Exercise:
All of the data that follows should be retyped exactly, please, except the pictures.

Brief descriptive captions:
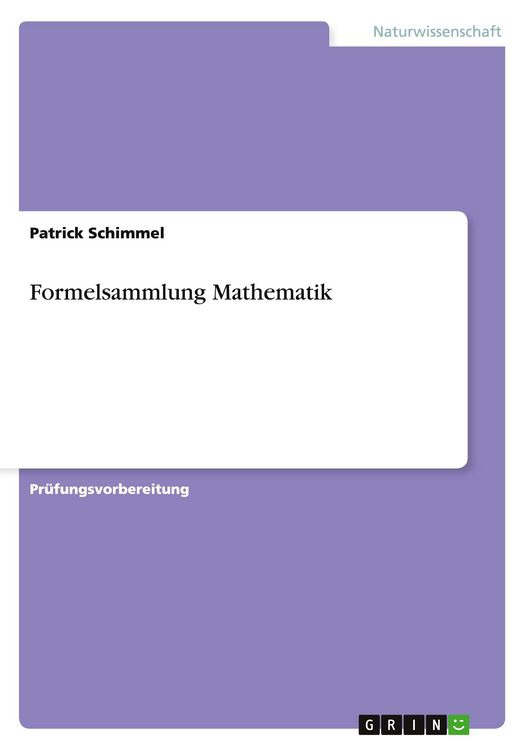 Produktbild: Formelsammlung Mathematik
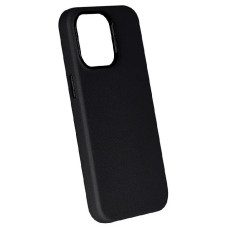 Купить Кожанная накладка Leather Case c Mag Safe для Apple Iphone 15 Pro (черная)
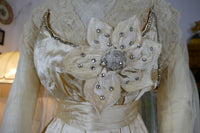 HUGHES & STARNES Wedding Dress, ca. 1915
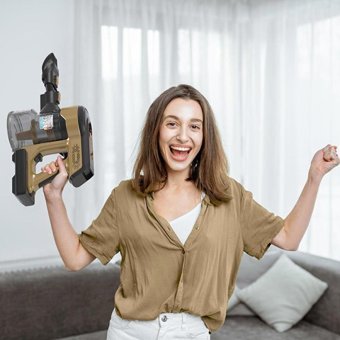 Blaupunkt A40 Hepa Filtreli 350 W Şarjlı Dikey Süpürge Sarı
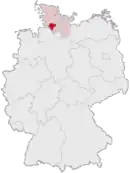 Drapeau de Arrondissement de Steinburg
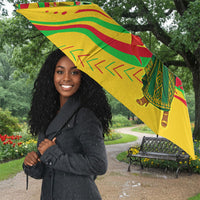 Mali Independence Day Umbrella Traditional West African Cultural Pride Flag Colors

Answer box:
 Produktbild: Formelsammlung Mathematik
 Купить Кожанная накладка Leather Case c Mag Safe для Apple Iphone 15 Pro (черная)
 HUGHES & STARNES Wedding Dress, ca. 1915
 Blaupunkt A40 Hepa Filtreli 350 W Şarjlı Dikey Süpürge Sarı
 Drapeau de Arrondissement de Steinburg
 Mali Independence Day Umbrella Traditional West African Cultural Pride Flag Colors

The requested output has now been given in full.